(Brief)
Each line containing the string "White" should be copied out of the entries.

Dataset items:
-------------------------

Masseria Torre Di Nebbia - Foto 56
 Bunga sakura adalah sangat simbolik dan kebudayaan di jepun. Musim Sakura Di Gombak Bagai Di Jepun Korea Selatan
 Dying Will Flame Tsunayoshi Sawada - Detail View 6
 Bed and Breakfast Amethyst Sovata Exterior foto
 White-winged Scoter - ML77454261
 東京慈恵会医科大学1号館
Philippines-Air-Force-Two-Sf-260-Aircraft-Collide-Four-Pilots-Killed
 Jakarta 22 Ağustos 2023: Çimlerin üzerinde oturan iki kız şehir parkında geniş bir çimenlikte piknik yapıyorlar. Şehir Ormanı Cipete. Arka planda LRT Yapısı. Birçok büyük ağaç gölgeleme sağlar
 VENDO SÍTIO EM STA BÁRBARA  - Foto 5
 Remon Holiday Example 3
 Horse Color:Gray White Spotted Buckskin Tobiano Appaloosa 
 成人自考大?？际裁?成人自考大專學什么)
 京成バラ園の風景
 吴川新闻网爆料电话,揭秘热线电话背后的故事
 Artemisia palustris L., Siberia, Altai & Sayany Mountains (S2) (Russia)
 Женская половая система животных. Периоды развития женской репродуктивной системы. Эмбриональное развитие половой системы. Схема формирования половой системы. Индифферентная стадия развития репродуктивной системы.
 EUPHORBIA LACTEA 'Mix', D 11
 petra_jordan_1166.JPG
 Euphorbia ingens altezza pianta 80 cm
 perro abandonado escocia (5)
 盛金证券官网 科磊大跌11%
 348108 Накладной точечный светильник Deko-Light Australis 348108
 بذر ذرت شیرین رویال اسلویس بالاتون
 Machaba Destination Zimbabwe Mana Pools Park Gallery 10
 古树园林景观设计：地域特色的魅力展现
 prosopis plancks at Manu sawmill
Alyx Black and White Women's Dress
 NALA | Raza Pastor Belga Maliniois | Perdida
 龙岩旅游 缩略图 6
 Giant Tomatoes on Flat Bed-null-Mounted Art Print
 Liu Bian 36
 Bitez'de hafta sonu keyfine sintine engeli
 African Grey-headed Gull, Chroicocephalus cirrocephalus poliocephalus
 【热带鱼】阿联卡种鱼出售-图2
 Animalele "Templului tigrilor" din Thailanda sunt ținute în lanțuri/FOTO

-------------------------

(Reply to the task)
 White-winged Scoter - ML77454261
 Horse Color:Gray White Spotted Buckskin Tobiano Appaloosa 
Alyx Black and White Women's Dress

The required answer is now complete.